“I told you,” Jeff said. “I can’t do it because I’m a vegetarian.”
Just then a sheet of flame shot up from the upstairs window of the house behind them and knocked out the glass.
“Timer switch,” said Jeff.
Duncan looked up. He could see Sparks running about, trying to put out the flames on his burning bed with an equally burning duvet.
“You had a bacon sandwich in the cafe,” he said accusingly.
Sparks was a bit shaken up by the fire and the pig’s blood. A lesser man, in fact, would have been shaken up enough to take the advice on the wall and stop, but Sparks had a stubborn streak. This was partly why Alison had gone, and partly why he had never had a proper job, believing shirts and ties to be Satanic in some way (and ties to be a literal symbol of restriction and oppression), but it was also partly why Alison had liked him, and why he was able to continue working at a job that would have depressed one of those vicars who favour the tambourine and the chirpily-rewritten Bible story. Sparks was tenacious, often to the point of pointlessness, but if two extremely thin men were going to come into his flat, burn his waste paper basket and then his bed, and write things on his wall in blood, just to make him give up doing what he was doing, then Sparks wouldn’t.
However, the blood and the fire and the overturned chairs and the left-on computer did make him think a little, and instead of leaping out of the house and into action, Sparks decided to consider things a bit more fully. Not much more, he told himself, he wasn’t Professor Brainstein, but a little bit, just to bolster his own confidence.
Sparks went downstairs to the kitchen, which like the rest of the house was very unransacked. He made himself a cup of tea, put some milk in it, smelled the result and poured it down the sink. Then he got a glass of milk, drank half of it before he realised the cause of the tea smelling was probably the milk, and poured the milk down the sink. Finally, after some thought, he got a can of lager from under the sink, sat down at the kitchen table and made himself a list.
The list was the longest thing Sparks had ever written that didn’t end with the words “please come back”.
How much danger am I in? it began, and went on…
What happens if I meet myself?
How can I avoid going to worlds where there’s no Alison?

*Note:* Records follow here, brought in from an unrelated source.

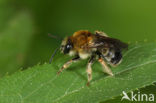 Zuidelijke langhoornbij (Eucera nigrescens) 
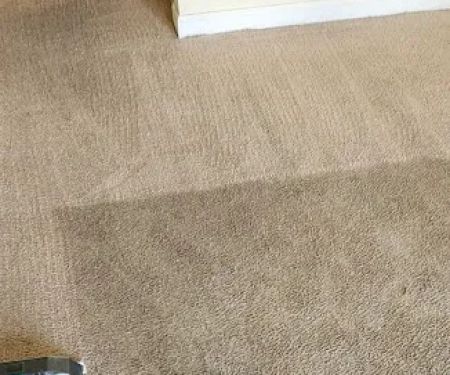 DiCat Carpet Cleaning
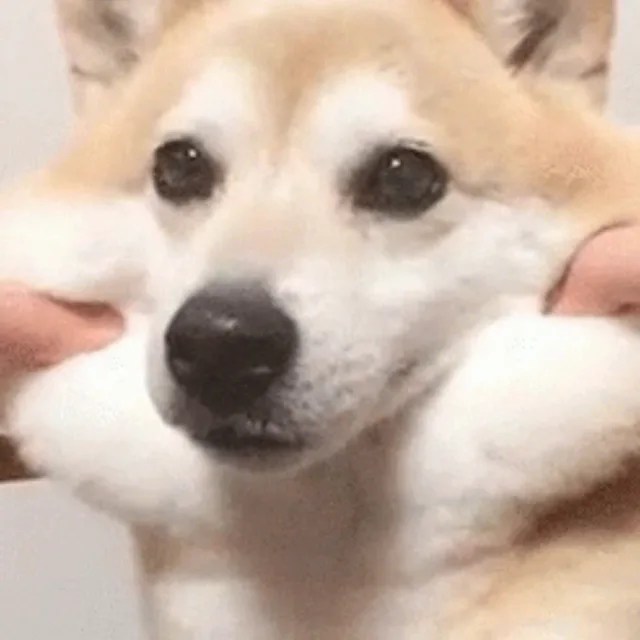 쿨거래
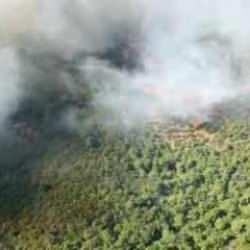  Soma&rsquo;da orman yangını!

Why do I end up sometimes in the same place and sometimes in a different one?
What’s this password thing and why sometimes do I need to talk to a dentist and other times not?

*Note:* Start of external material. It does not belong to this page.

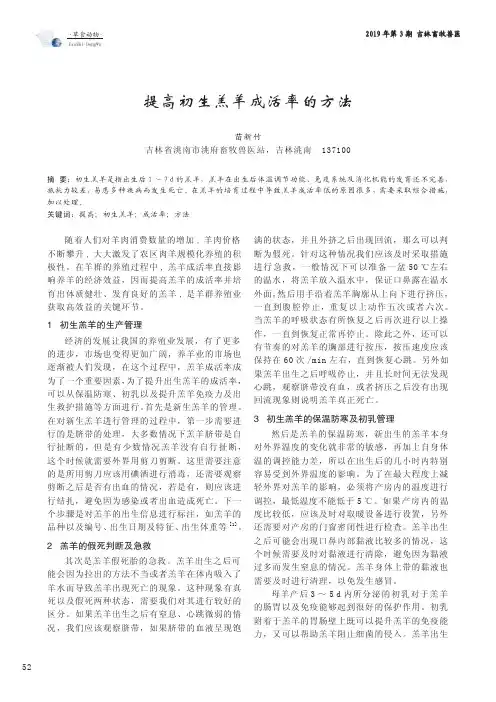 提高初生羔羊成活率的方法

Why are all these worlds only a bit different? Why haven’t I been to a world where it’s just monsters or monkeys?
And, after a few moments’ thought…
How long can I keep doing this before they get really annoyed and do something properly bad to me?

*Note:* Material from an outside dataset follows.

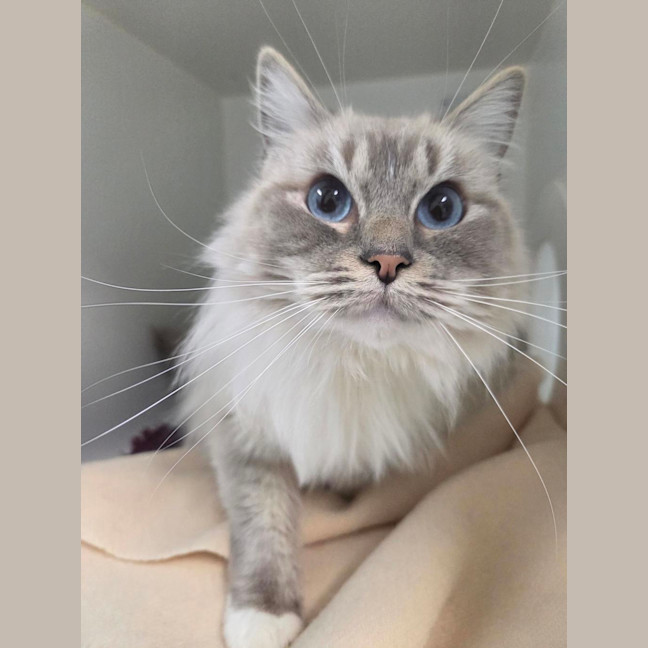 Photo of Molly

Sparks put his pen down. He felt better already. He looked at his unopened lager, put it back under the sink, and went into the bathroom, where he suddenly jumped in alarm. The bathroom had also not been touched by his intruders but, as Sparks learned when he caught his reflection in the mirror, they had made him up like a clown.
“That’s it,” said Sparks, annoyed. He hated clowns.
Sparks got dressed and went to his office. He turned on his computer, went online and clicked onto the Random Life Generator, which he had bookmarked under NATIONAL TRUST HOLIDAYS to fool any intruders.
The usual threats and noises came up, skulls raced to the front of the screen like inquisitive skull fish, if there was such a thing which, Sparks supposed, somewhere there was, and then the mass of text appeared and it all resolved itself. The first phrase on the screen was:
TODAY’S WORD BALUSTRADE OPERATING ENTRANCE WASHINGTON DC 476 SMITH AVENUE DUTY OFFICER M LIPS
Sparks briefly contemplated flying to America and saying “Balustrade” to a complete stranger, but he would never have got there in time and, besides, he could barely afford to go to the shops, let alone Washington DC. He waited for a few sites to pass, one of which was in Warrington, wondered if he would have to hitch to Warrington, and then the letters rearranged themselves:
TODAY’S WORD BALUSTRADE OPERATING ENTRANCE LONDON 96 MARSH ROAD E4 DUTY OFFICER J PATTERSON
This was much better. Sparks wrote the address down and was on his way out when he had a thought. He went into the kitchen and made some crisp sandwiches for when he got there in case the food was toxic, or nasty. Then, because it might be cold, he put on some gloves and stuffed an old ski balaclava into his pocket. Better prepared for every eventuality than not, Sparks thought to himself as he walked up the road to the bus stop, eating his crisp sandwiches.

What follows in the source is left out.